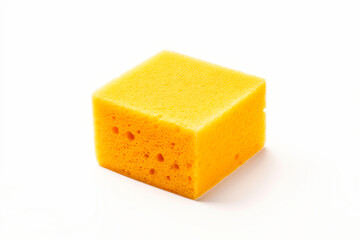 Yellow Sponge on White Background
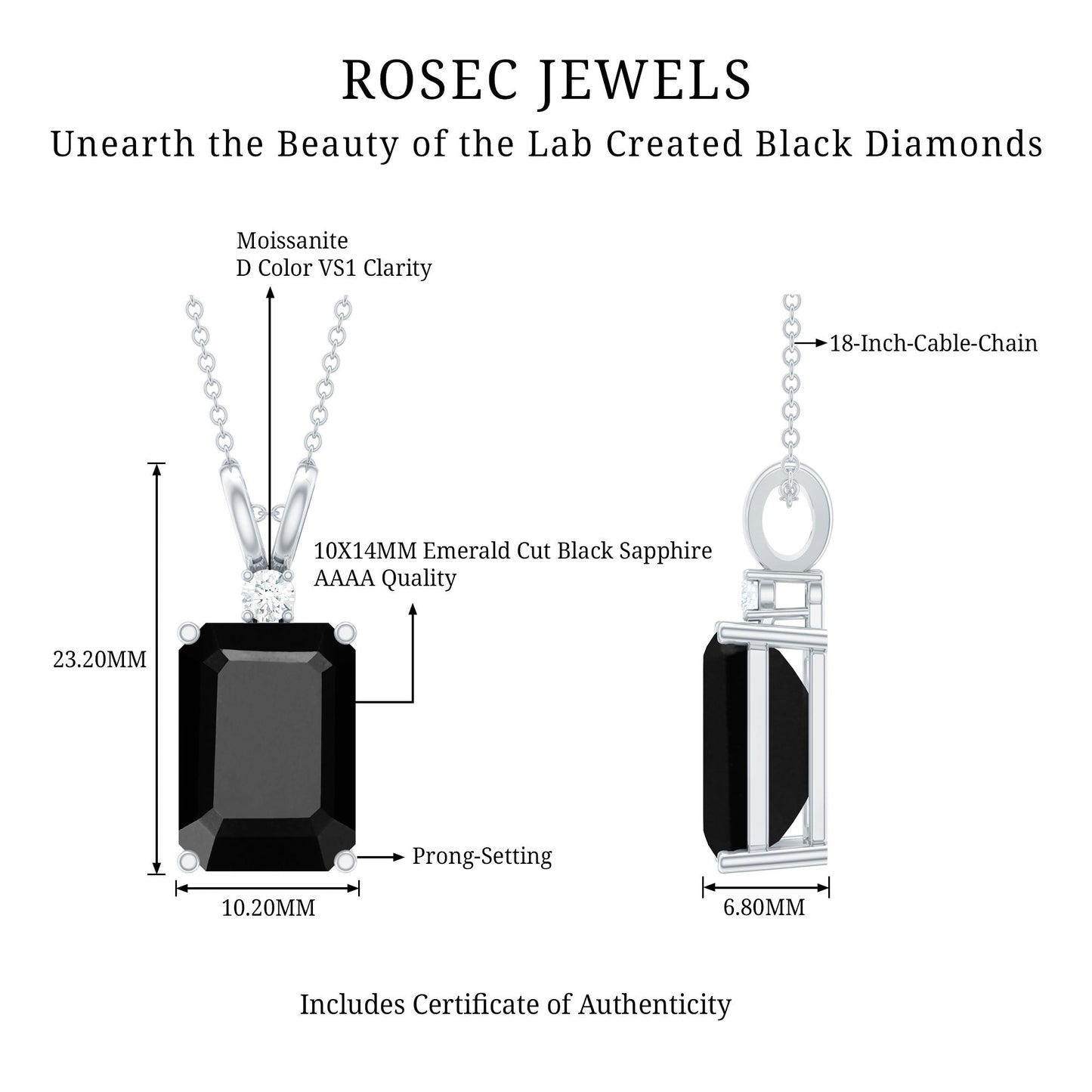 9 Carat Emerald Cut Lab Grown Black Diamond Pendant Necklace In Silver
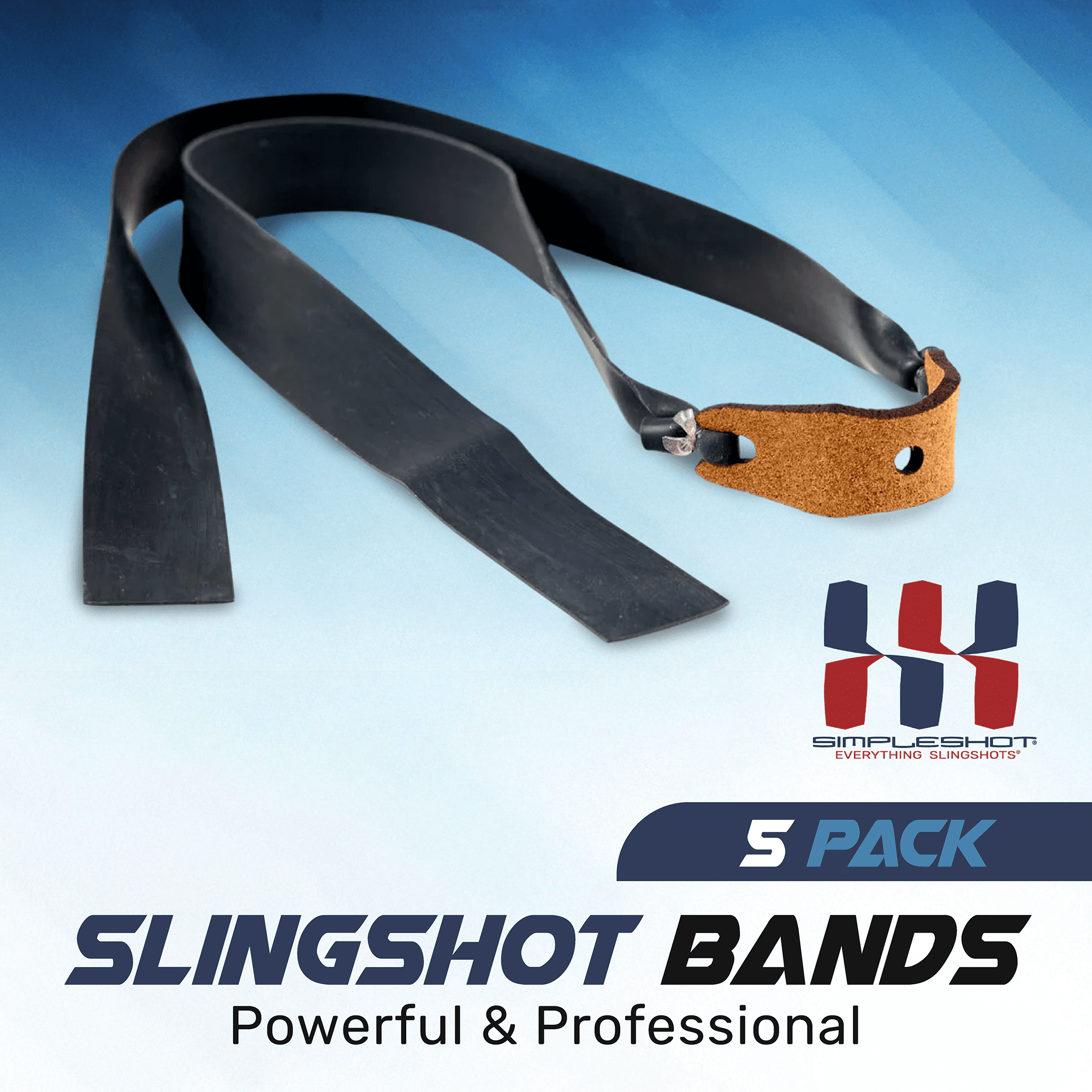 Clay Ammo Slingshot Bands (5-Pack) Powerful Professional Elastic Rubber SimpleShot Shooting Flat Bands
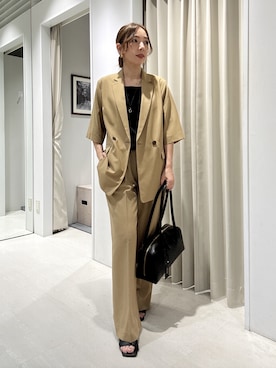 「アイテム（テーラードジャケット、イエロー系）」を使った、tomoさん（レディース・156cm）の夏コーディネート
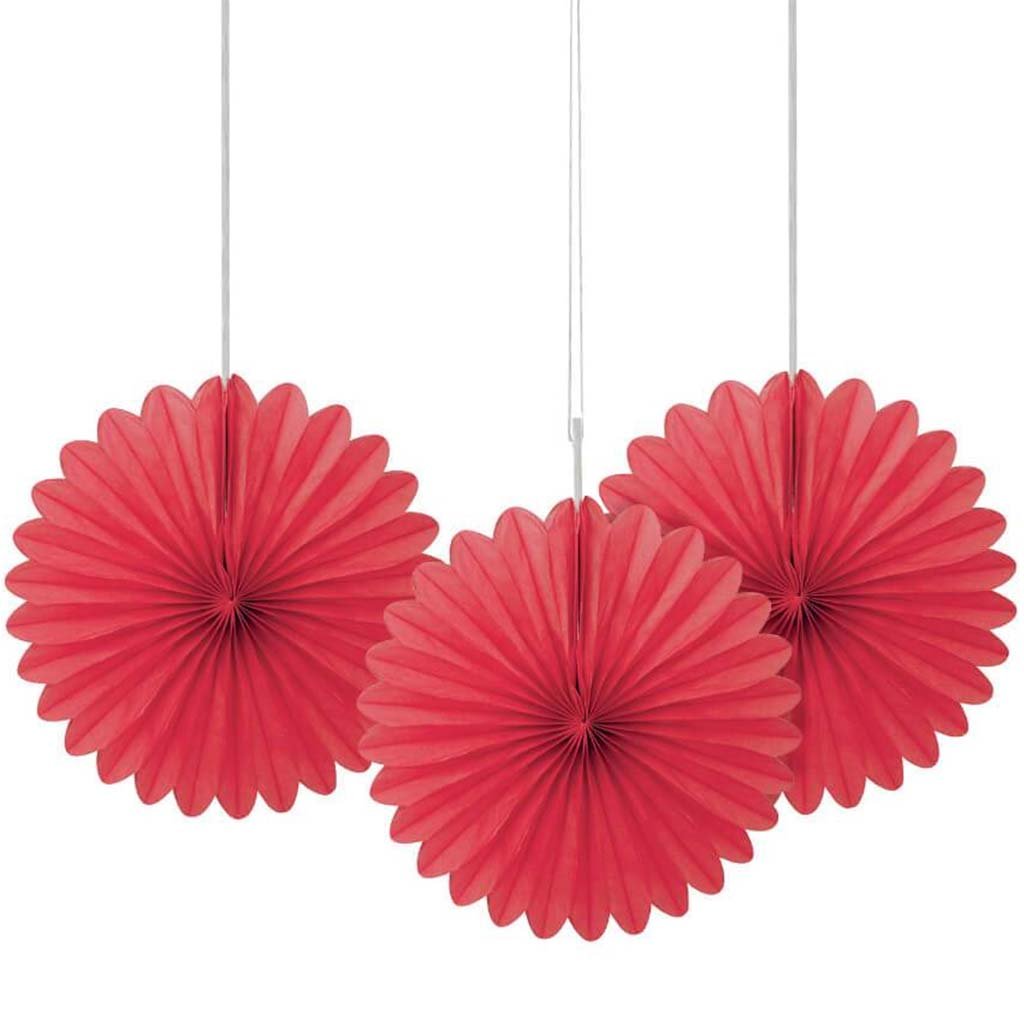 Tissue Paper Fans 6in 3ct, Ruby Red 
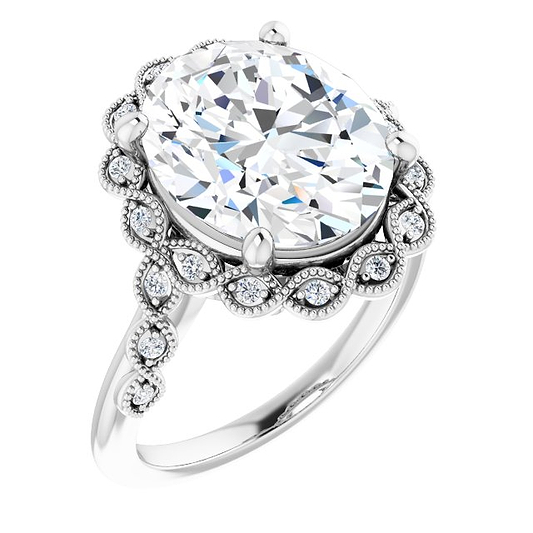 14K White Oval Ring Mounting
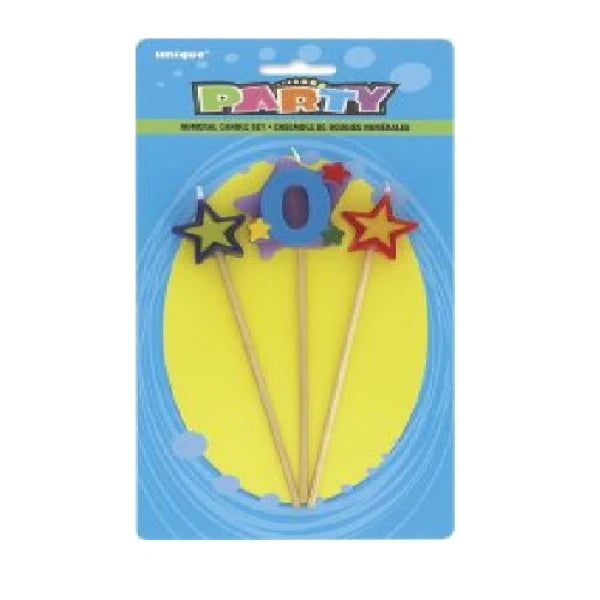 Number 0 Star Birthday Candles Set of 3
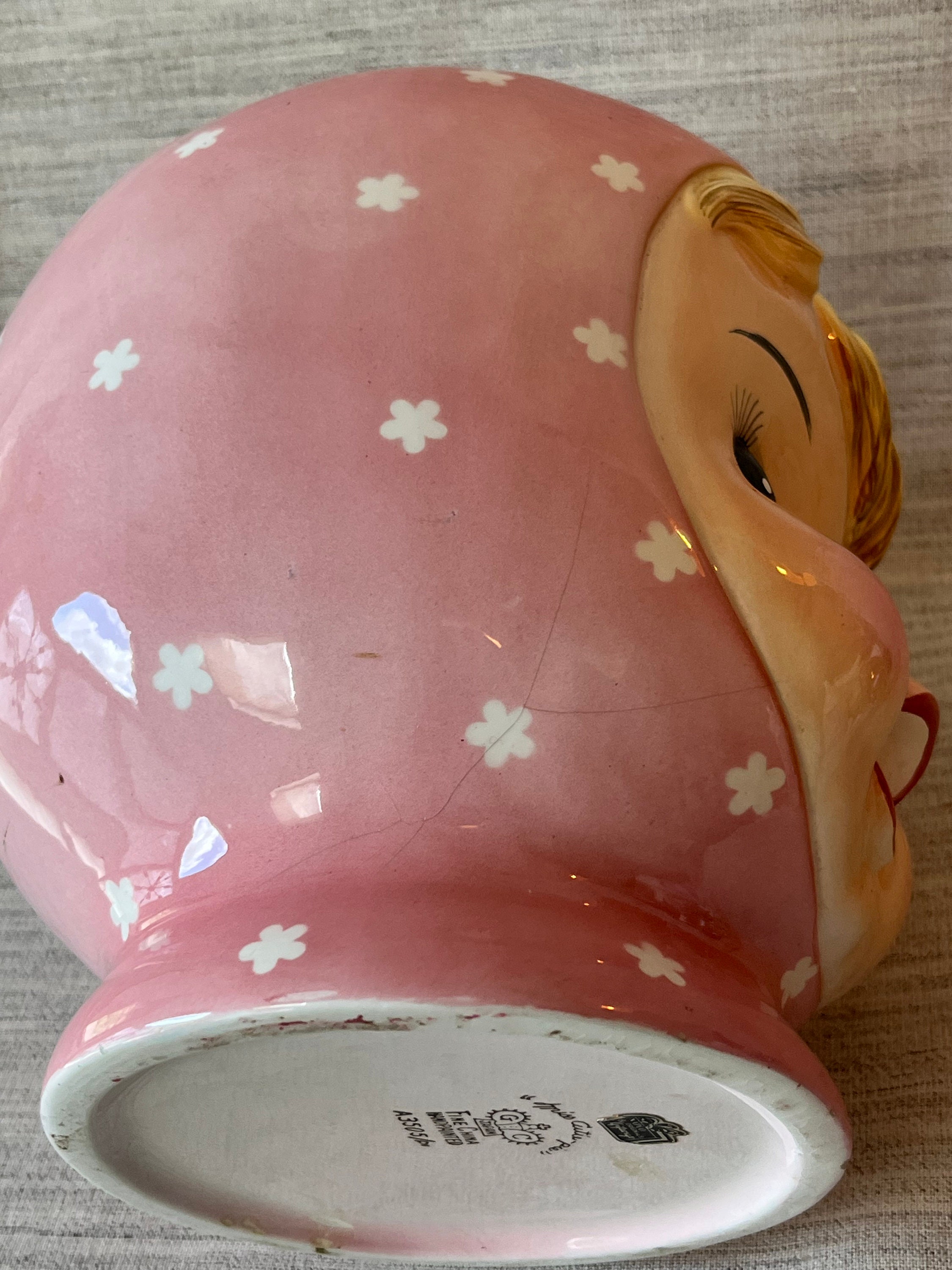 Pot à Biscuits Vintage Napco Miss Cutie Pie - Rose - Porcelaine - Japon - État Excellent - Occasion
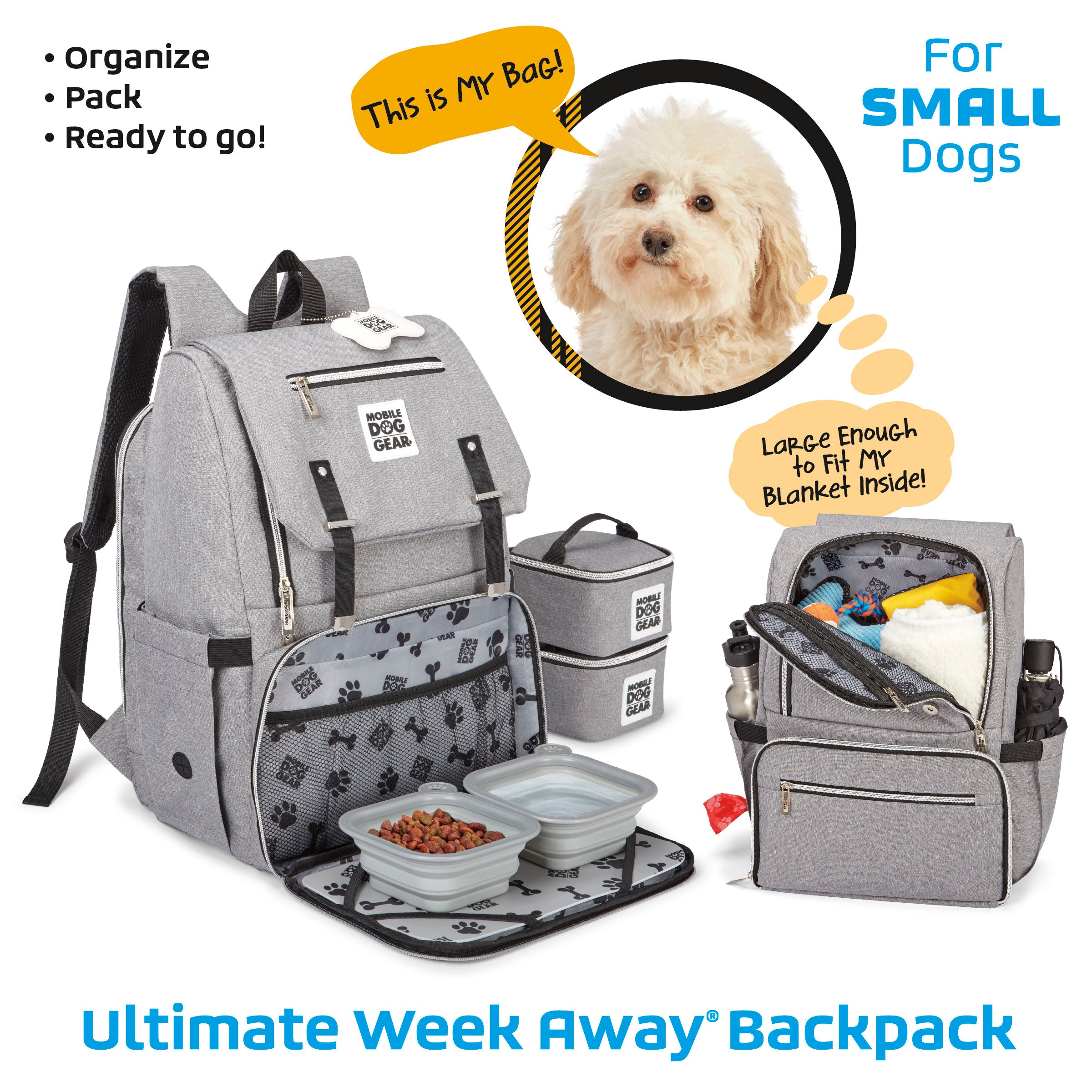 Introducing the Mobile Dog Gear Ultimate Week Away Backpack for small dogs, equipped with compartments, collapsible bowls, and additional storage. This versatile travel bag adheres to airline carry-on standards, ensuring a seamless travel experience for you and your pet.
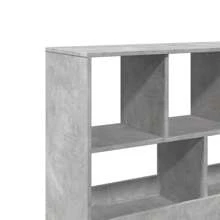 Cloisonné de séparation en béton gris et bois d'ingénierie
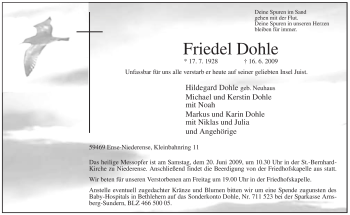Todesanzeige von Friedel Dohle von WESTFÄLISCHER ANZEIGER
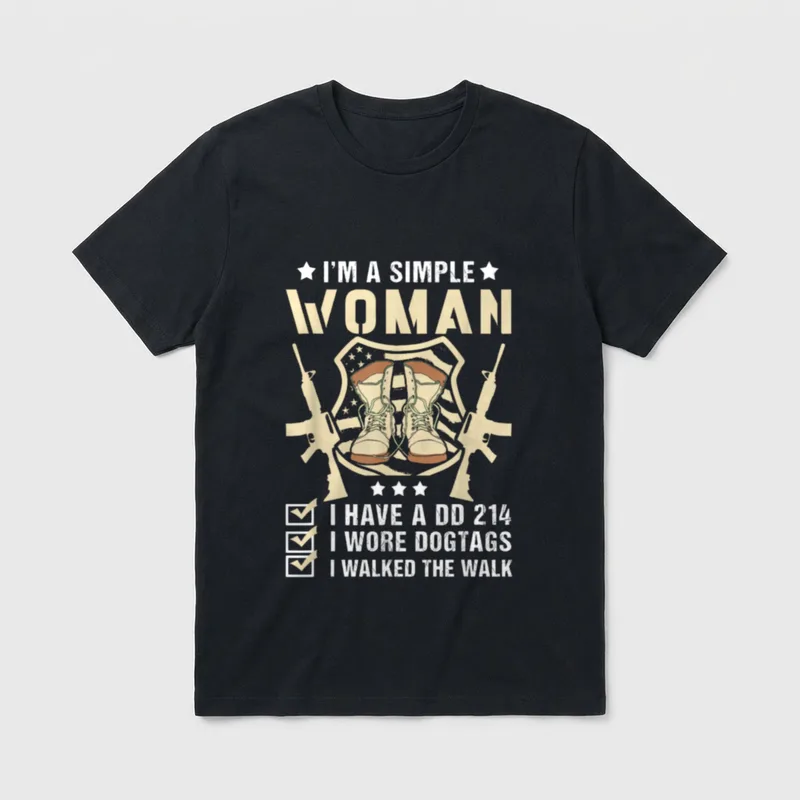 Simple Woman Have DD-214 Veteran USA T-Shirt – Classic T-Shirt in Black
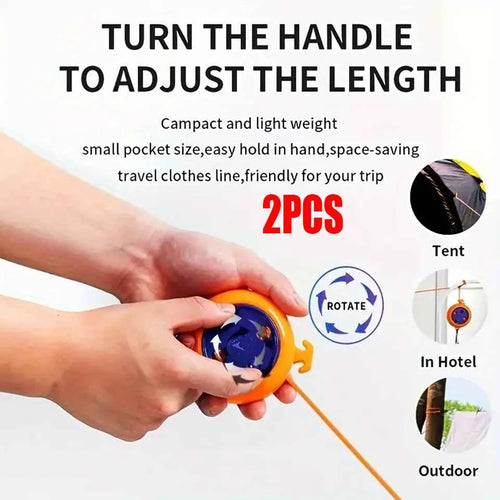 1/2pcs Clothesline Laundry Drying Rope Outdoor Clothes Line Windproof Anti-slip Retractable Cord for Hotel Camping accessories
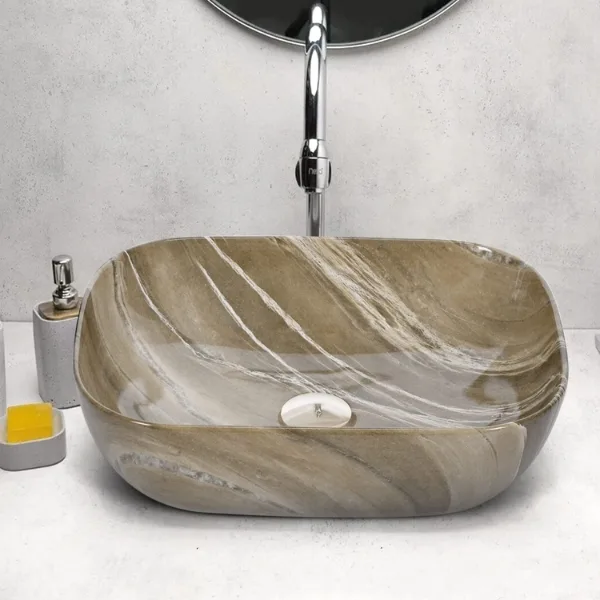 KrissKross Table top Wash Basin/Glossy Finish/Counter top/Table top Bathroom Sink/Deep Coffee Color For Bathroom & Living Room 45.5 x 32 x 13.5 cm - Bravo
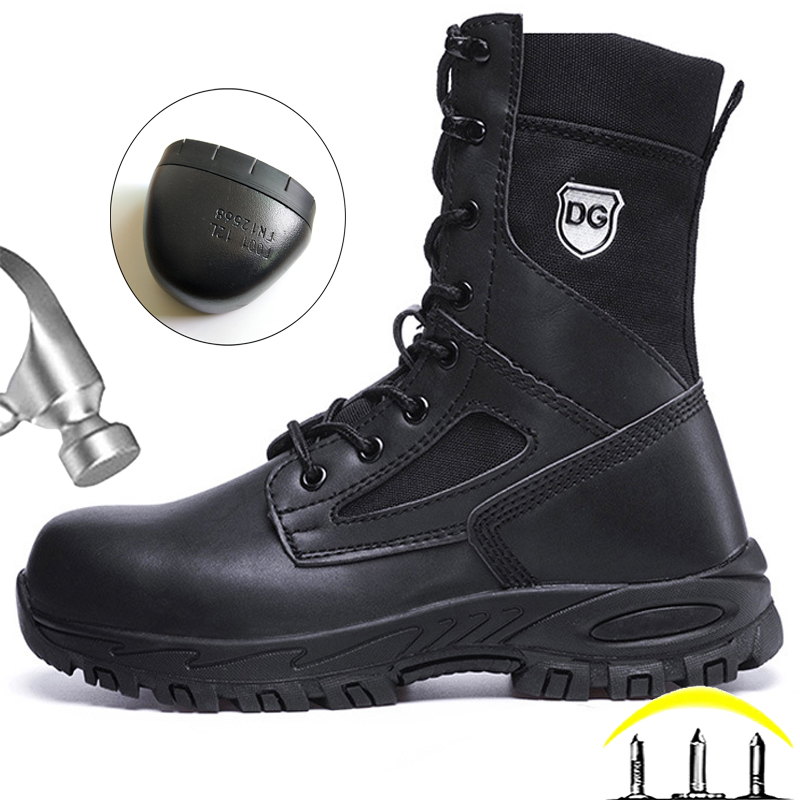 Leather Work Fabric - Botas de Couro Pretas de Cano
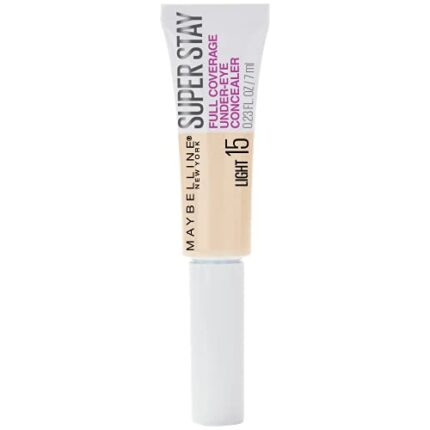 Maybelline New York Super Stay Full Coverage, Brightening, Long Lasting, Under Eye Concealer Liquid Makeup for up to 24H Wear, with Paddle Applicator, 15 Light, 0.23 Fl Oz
-.-.-
__To do__: Reproduce the data above line for line, from its first line through the line containing "Introducing the Mobile", both ends included, with the pictures omitted and nothing more.

__Result below__:
 Yellow Sponge on White Background
 9 Carat Emerald Cut Lab Grown Black Diamond Pendant Necklace In Silver
 Clay Ammo Slingshot Bands (5-Pack) Powerful Professional Elastic Rubber SimpleShot Shooting Flat Bands
 「アイテム（テーラードジャケット、イエロー系）」を使った、tomoさん（レディース・156cm）の夏コーディネート
 Tissue Paper Fans 6in 3ct, Ruby Red 
 14K White Oval Ring Mounting
 Number 0 Star Birthday Candles Set of 3
 Pot à Biscuits Vintage Napco Miss Cutie Pie - Rose - Porcelaine - Japon - État Excellent - Occasion
 Introducing the Mobile Dog Gear Ultimate Week Away Backpack for small dogs, equipped with compartments, collapsible bowls, and additional storage. This versatile travel bag adheres to airline carry-on standards, ensuring a seamless travel experience for you and your pet.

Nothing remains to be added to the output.